As a second source of input toward a "Blue Sky" vision for the future of neuroscience, the NINDS convened members of its staff as well as representatives from other NIH institutes for a workshop on May 31, 2007. Break-out groups discussed similar questions to those posed in a Request for Information (RFI) to the larger neuroscience community. In particular, they focused on anticipated advances in neuroscience and neurology over the next fifteen years, infrastructural and technological needs, challenges and research questions with significant potential impact for understanding nervous system function or the treatment and prevention of disease, and the role of NINDS in the neuroscience research landscape of the future. (The full text of the questions posed at this workshop appears at the end of this document.) After the workshop, NINDS staff framed the input received into the following broad topic areas.

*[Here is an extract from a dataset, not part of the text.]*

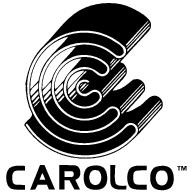 Carolco векторные логотипы логотип клипарт логотипы логотип эмблема 4883
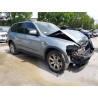 2010 BMW X5 5UXFE8C52AL311980 54374603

Enable early and routine diagnosis of neurological conditions

  • Determine an individual's risk for particular neurological disorders based on genomic markers, gene expression, or other measurable indicators (e.g., at birth and/or annual physicals, everyone receives a read-out of his or her neurological risk factors and recommendations for preventive actions)
  • Develop technologies that primary care physicians, emergency workers, or even you, yourself, can use routinely to monitor your neurological heath and detect and diagnose neurological disorders at early stages when intervention is most promising (e.g., anatomical and functional scans are sufficiently affordable and user-friendly to become a routine part of an annual physical; the next generation of PDAs include personal neurological sensors)
  • Develop and validate surrogate markers that reflect disease progression and can show, early on, whether therapies are working
  • Develop technologies that will provide more patients with timely access to neurological expertise, even if a neurologist is not immediately or locally available (e.g. telemedicine, artificial intelligence-guided diagnostic alerts)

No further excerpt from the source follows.